Hector grunted and leaned against the window. For a second he looked like he was trying to decide to keep talking. Finally he sighed and said, “Now, listen, Julio. You want the biggest tips?”

“Hell yeah,” I said, pretending to gun the engine.

He winced. “Okay. There’s two things you must do if you want the best tips. You listening?”

“Sure thing,” I said, running my hand over the polished dashboard.
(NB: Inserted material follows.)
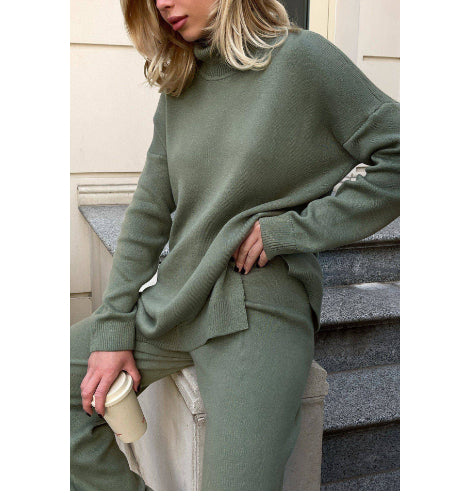 Loose Pullover Sweater Fashion Split High Neck Versatile Sweater Women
Hector reached in and grabbed me by the chin and pulled my face toward him till our noses we’re almost touching. “Eyes on me, mijo.

“Yeah, sure,” I said, gulping. “Sorry, tio.” Hector’s the nicest dude in the world, but he’s hella ripped and his dark brown eyes were boring into me like he was trying to drill me to the floor.

“Very first thing,” said Hector, “is no matter what the customer does, you act like it’s fine. You don’t squeak or get angry or nothing. You just let them do their thing and you don’t comment. Entiendes?”

“Y-yeah,” I said, still freaked out by how close our faces were. “W-What’s the other thing?”

He gave me a scowl and pulled away. “Open up the glove compartment,” he said.

I leaned over to the passenger seat and unlatched the glove compartment. Instead of a place for old pens and shit, the whole space under the compartment door was filled with some kind of a machine. It.had a long greenish rod wrapped with copper coils, and a lot of exposed circuitry. It looked pretty janky, the way it was shoved in there. “What the hell?” I said.

“That thing is an atmosphere-maker,” said Hector. “Place I got it from makes them special for Luber cars. Puts the customer in a good mood, you understand?”

“S-sure?” I said. It looked like the only thing the machine was good for was taking up valuable stash space, but whatever. It was like a some kind of kludged-up mess of wiring, not at all like the rest of the Bentley’s polished interior. “Where’d you get this thing?” I asked.

“Doesn’t matter,” said Hector with a grimace. “Now, you listen.” He reached in the car and pulled my chin toward him again. “When you drive, you turn that thing on. It’s only for customers, though. Never have it on when you’re not on the clock, Claro? Not even to go to the store. And never tell anyone about it, or that’s the end of your time inside my baby. You understand?”

“Yeah, yeah,” I said, nodding.

He kept his hand on my chin. “I’m trusting you, mijo,” he said. “Don’t let me down.”

“I won’t, tio Hector,” I say, already itching to put the car in gear. “I promise.”